На следующий день то один, то другой мальчуган подымался на крышу посмотреть, много ли туда слетелось птиц. Боясь их спугнуть, если стая как раз в эту минуту будет садиться, мальчики осторожно выглядывали из чердачного окна и тут же спускались вниз. Увы, их вести были неутешительны. Наконец в полдень Петруччо прибежал с радостным криком: «Папа, иди сюда! Попались! Попались!»
Марковальдо взял мешок и полез наверх. На крыше сидел маленький серый голубь, обыкновенный городской голубь, привыкший к толпе и уличному шуму. Несколько голубей кружились над ним и печально смотрели, как их неосторожный товарищ пытался освободиться из липкого плена.
Семья Марковальдо старательно обсасывала косточки этого тощего, старого голубя, когда в дверь постучали. Вошла служанка хозяйки.
— Синьор Марковальдо, синьора вас зовет! Велела прийти немедленно!
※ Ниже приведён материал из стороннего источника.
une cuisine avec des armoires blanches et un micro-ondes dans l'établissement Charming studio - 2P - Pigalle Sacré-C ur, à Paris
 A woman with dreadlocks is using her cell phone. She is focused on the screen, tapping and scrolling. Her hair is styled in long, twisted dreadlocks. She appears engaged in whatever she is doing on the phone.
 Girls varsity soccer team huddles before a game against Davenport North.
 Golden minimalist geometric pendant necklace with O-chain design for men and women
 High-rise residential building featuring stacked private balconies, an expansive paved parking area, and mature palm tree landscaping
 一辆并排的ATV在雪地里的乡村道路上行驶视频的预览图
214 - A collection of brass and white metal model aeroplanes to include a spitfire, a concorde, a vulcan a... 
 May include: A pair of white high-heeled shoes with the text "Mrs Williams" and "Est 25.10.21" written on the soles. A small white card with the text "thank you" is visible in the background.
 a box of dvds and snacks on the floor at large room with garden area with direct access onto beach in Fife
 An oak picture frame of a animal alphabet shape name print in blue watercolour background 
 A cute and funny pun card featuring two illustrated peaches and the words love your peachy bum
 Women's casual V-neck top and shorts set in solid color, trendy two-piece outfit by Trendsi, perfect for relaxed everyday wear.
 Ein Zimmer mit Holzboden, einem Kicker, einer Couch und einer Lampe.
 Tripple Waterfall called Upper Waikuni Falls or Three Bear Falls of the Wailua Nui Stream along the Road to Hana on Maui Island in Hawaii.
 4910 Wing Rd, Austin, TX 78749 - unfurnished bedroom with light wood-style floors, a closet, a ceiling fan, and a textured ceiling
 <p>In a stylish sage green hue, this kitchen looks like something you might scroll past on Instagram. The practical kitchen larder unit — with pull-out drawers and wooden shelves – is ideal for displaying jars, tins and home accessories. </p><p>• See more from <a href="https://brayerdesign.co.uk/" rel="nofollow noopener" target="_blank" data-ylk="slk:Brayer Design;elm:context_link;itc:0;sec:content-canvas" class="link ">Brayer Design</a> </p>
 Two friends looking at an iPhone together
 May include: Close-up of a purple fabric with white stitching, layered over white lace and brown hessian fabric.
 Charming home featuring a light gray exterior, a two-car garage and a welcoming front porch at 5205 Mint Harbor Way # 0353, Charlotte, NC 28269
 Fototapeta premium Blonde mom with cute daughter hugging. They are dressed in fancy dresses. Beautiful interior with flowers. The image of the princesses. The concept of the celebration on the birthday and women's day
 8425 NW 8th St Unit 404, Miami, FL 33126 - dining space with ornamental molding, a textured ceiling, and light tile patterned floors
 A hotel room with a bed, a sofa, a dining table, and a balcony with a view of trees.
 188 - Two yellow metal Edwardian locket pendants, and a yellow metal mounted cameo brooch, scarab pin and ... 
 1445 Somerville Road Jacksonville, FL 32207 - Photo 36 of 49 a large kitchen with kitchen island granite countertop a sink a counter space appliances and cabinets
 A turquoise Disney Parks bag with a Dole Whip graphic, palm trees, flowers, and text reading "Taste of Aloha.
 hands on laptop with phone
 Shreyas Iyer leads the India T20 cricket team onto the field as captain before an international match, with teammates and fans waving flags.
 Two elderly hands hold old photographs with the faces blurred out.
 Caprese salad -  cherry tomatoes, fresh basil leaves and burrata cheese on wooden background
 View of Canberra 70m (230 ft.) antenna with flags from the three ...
Марковальдо сразу забеспокоился: он целых шесть месяцев не платил за комнату и теперь боялся, что его выселят. Он быстро поднялся на второй этаж. Войдя в гостиную, он увидел еще одного посетителя — это был полицейский с багровым лицом.
— Подойдите поближе, Марковальдо, — сказала синьора. — Мне сообщили, что с крыши моего дома кто-то охотится за городскими голубями. Кто бы это мог быть?
Марковальдо похолодел.
В эту секунду женский голос позвал:
— Синьора! Синьора!
— Что случилось. Гвендолина?
Вошла прачка.
— Я стала развешивать на крыше белье, а оно приклеилось. Хотела его отодрать от перил — так оно рвется! Все белье пропало! Не пойму, в чем дело.
Марковальдо провел рукой по животу, словно у него начались колики.